> [WORK ITEM] Omit all pictures. Copy exactly the lines from the line containing "Wordpress: Cleared wp-cache" to the end of the listing, with both ends included.

> [DATASET CONTENT]
· · · · ·
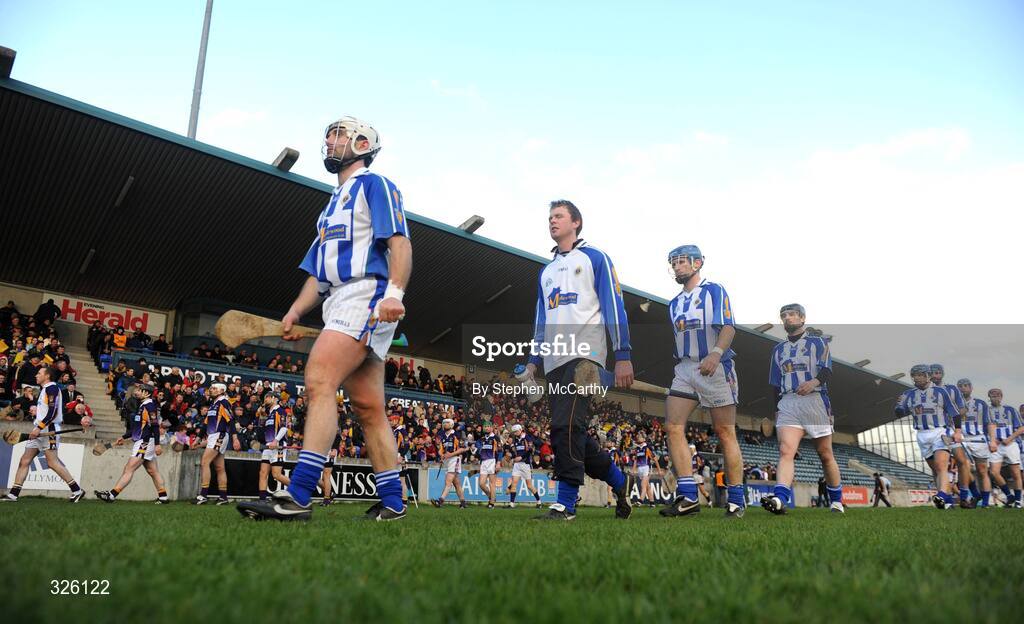 1 November 2008; Ballyboden St Endas captain David Sweeney leads his side during the pre-match parade. Dublin Senior Hurling Final, Ballyboden St Endas v Kilmacud Crokes. Parnell Park, Dublin. Picture credit: Stephen McCarthy / SPORTSFILE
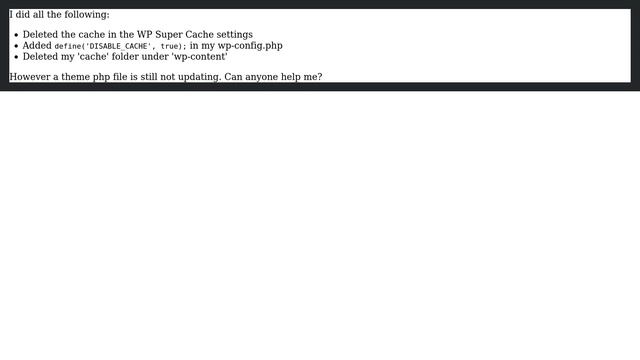 Wordpress: Cleared wp-cache and file is still not updated смотреть онлайн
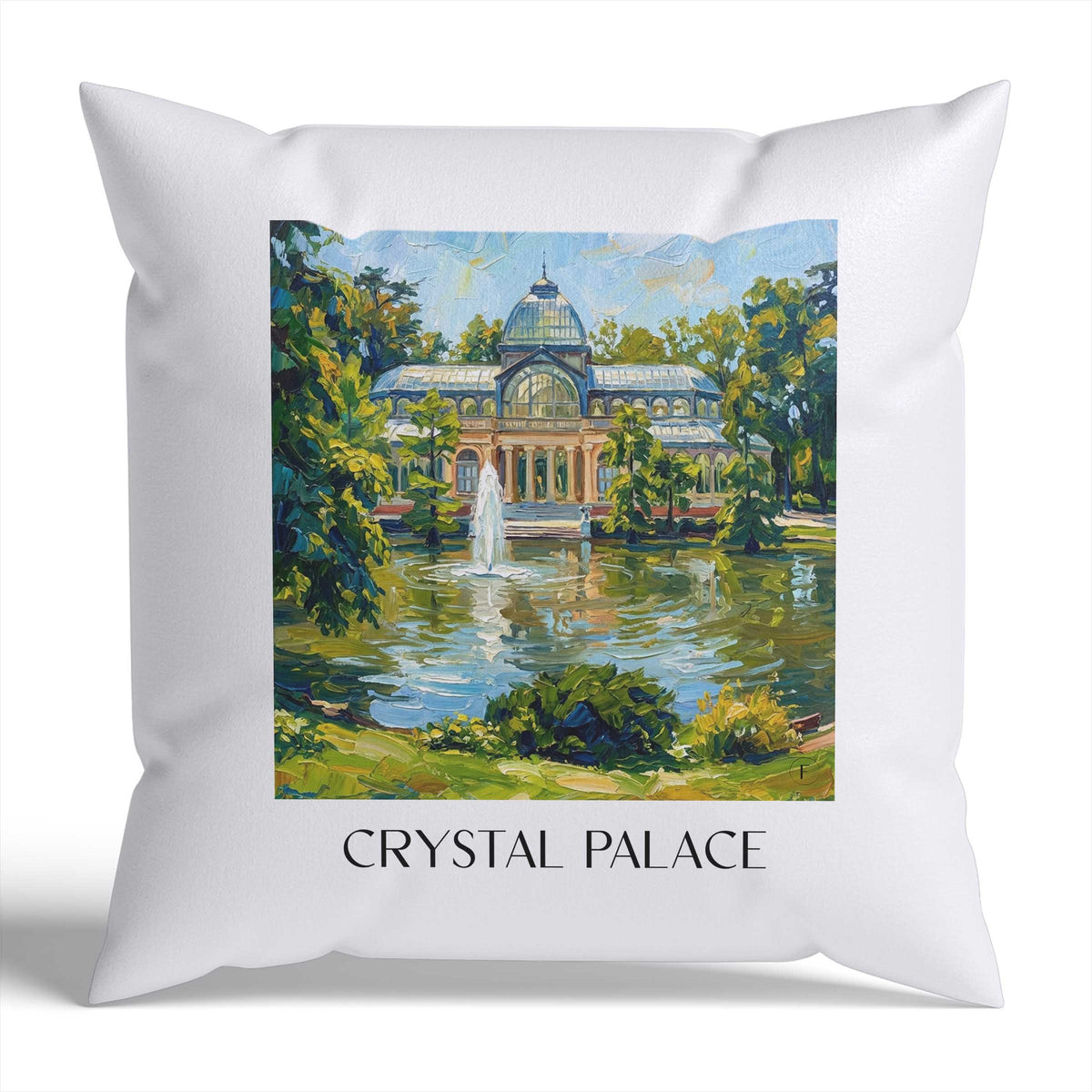 Palacio de Cristal Kissenhülle - Zierkissen Bezug - Madrid - Spanien Kissen bzw. Kissenbezug im Ölgemälde Stil - favplace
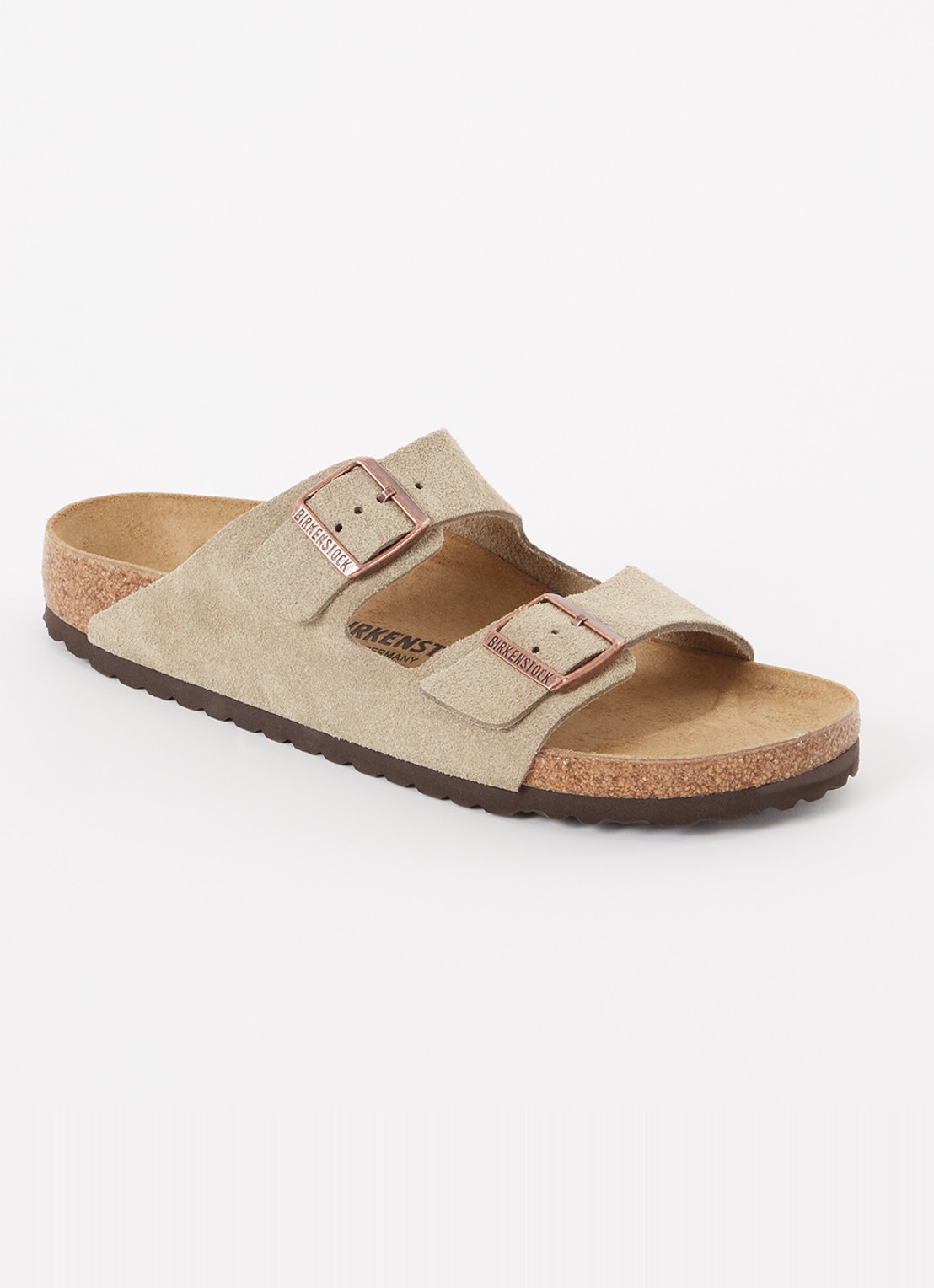 Birkenstock Arizona slipper van suède - voorkant taupe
· · · · ·
> [OUTPUT FOR THIS TASK]
 Wordpress: Cleared wp-cache and file is still not updated смотреть онлайн
 Palacio de Cristal Kissenhülle - Zierkissen Bezug - Madrid - Spanien Kissen bzw. Kissenbezug im Ölgemälde Stil - favplace
 Birkenstock Arizona slipper van suède - voorkant taupe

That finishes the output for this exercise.